1745
Bonnie Prince Charlie Lands in Scotland
Charles Edward Stuart, grandson of James II, landed on Eriskay with seven companions and raised his standard at Glenfinnan. Highland clans rallied; Edinburgh fell; an English army was routed at Prestonpans. For a month the Pretender made his court at Holyrood. The last Jacobite rising had begun its brief, glamorous, catastrophic arc.

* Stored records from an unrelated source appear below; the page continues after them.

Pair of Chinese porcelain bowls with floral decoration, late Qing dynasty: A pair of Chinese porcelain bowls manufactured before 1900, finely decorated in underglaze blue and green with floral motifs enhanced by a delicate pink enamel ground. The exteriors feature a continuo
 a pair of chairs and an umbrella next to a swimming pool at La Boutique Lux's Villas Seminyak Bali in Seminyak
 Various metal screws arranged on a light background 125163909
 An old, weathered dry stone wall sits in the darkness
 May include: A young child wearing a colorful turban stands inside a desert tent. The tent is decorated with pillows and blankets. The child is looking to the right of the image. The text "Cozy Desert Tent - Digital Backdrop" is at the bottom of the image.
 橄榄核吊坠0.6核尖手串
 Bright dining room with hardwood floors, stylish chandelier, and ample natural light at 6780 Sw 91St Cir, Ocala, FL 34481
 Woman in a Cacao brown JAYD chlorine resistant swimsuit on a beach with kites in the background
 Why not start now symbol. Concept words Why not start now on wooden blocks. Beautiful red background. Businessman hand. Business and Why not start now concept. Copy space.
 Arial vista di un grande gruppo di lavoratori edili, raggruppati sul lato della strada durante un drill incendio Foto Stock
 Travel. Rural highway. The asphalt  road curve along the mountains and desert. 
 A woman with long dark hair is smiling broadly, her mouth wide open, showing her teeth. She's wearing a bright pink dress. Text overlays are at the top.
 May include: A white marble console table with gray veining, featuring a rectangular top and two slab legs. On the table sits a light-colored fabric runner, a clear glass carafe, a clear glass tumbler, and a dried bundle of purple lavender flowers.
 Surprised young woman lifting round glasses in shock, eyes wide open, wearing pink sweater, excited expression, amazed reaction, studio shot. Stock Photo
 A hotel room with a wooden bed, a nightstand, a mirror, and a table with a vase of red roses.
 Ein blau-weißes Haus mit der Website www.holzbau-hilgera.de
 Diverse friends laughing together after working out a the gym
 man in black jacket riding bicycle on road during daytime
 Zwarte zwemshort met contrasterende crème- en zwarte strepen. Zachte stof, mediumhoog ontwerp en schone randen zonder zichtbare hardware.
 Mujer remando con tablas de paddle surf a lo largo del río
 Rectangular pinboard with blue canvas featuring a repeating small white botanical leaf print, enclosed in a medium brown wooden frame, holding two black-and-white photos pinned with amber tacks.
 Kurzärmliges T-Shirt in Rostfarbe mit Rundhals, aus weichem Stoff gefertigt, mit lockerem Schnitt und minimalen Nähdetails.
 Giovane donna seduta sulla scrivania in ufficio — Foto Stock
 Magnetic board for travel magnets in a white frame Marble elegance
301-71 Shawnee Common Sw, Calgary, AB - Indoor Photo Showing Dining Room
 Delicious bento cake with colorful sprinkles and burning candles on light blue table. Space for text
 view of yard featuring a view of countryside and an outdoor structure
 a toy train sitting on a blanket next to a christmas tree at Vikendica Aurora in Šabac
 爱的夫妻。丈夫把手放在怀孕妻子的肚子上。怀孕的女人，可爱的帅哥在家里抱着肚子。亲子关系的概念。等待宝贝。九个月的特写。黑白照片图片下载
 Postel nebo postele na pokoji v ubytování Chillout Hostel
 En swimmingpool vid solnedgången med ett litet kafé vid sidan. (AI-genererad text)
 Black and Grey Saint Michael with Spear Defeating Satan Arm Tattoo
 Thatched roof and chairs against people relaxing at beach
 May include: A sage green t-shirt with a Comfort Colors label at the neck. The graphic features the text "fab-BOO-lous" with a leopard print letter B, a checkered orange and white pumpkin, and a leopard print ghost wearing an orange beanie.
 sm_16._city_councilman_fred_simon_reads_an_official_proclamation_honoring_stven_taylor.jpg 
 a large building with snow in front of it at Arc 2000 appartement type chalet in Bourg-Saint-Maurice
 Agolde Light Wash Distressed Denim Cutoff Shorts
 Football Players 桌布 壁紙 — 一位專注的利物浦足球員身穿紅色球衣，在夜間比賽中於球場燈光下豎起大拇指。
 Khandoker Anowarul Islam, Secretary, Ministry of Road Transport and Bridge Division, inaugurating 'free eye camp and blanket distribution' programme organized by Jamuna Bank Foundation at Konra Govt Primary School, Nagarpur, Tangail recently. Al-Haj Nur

Louisbourg Falls to New Englanders
An expedition of untrained Massachusetts militia, funded by colonial assemblies and led by a merchant named William Pepperrell, captured the great French fortress of Louisbourg after a six-week siege. Britons at home barely understood what had happened. Americans did. They would remember, bitterly, when the fortress was handed back at Aix-la-Chapelle.
Dupleix's Carnatic Gambit
Joseph-Francois Dupleix, French governor of Pondicherry, began building an alliance of Indian princes to counter British influence along India's southeast coast. He trained Indian sepoys in European tactics, an innovation that Clive would steal. The small wars of the Carnatic would decide who would eventually rule the subcontinent. Dupleix's strategy was brilliant but underfunded; Paris recalled him in disgrace, and Britain inherited his methods.
Leyden Jar Invented
Ewald von Kleist in Pomerania, and independently Pieter van Musschenbroek at Leyden, found that electricity could be stored in a glass jar with metal foils. Musschenbroek's first discharge nearly killed him: I would not take a second shock for the crown of France. The world's first capacitor had arrived in parlor science.
Battle of Fontenoy
Marshal de Saxe, a Saxon bastard in French service, defeated the Duke of Cumberland's Anglo-Dutch army in Flanders through a redoubt, a rallied infantry, and his own stretcher-borne genius. Gentlemen of the English Guards, an officer is said to have called, fire first. The courtesy made the battle famous. It also lost it.